On 4/23/2021 10:24 PM, Jason Gunthorpe wrote:
On Fri, Apr 23, 2021 at 09:14:21PM +0800, Mark Zhang wrote:
On 4/23/2021 3:34 AM, Jason Gunthorpe wrote:
On Wed, Apr 21, 2021 at 02:40:37PM +0300, Leon Romanovsky wrote:
@@ -4396,6 +4439,14 @@ static void cm_remove_one(struct ib_device *ib_device, void *client_data)
cm_dev->going_down = 1;
spin_unlock_irq(&cm.lock);
+ list_for_each_entry_safe(cm_id_priv, tmp,
+ &cm_dev->cm_id_priv_list, cm_dev_list) {
+ if (!list_empty(&cm_id_priv->cm_dev_list))

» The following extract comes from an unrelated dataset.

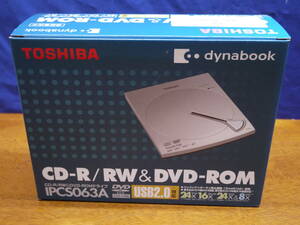 L23　TOSHIBA 東芝 ポータブル CD-R/RW＆ DVD-ROMドライブ 外付け IPCS063A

+ list_del(&cm_id_priv->cm_dev_list);
+ cm_id_priv->av.port = NULL;
+ cm_id_priv->alt_av.port = NULL;
+ }
Ugh, this is in the wrong order, it has to be after the work queue
flush..
Hurm, I didn't see an easy way to fix it up, but I did think of a much
better design!
Generally speaking all we need is the memory of the cm_dev and port to
remain active, we don't need to block or fence with cm_remove_one(),
so just stick a memory kref on this thing and keep the memory. The
only things that needs to seralize with cm_remove_one() are on the
workqueue or take a spinlock (eg because they touch mad_agent)
Try this, I didn't finish every detail, applies on top of your series,
but you'll need to reflow it into new commits:
Thanks Jason, I think we still need a rwlock to protect "av->port"? It is
modified and cleared by cm_set_av_port() and read in many places.
Hum..
This is a real mess.
It looks to me like any access to the av->port should always be
protected by the cm_id_priv->lock
Most already are, but the sets are wrong and a couple readers are wrong
Set reverse call chains:
cm_init_av_for_lap()
cm_lap_handler(work) (ok)
cm_init_av_for_response()
cm_req_handler(work) (OK, cm_id_priv is on stack)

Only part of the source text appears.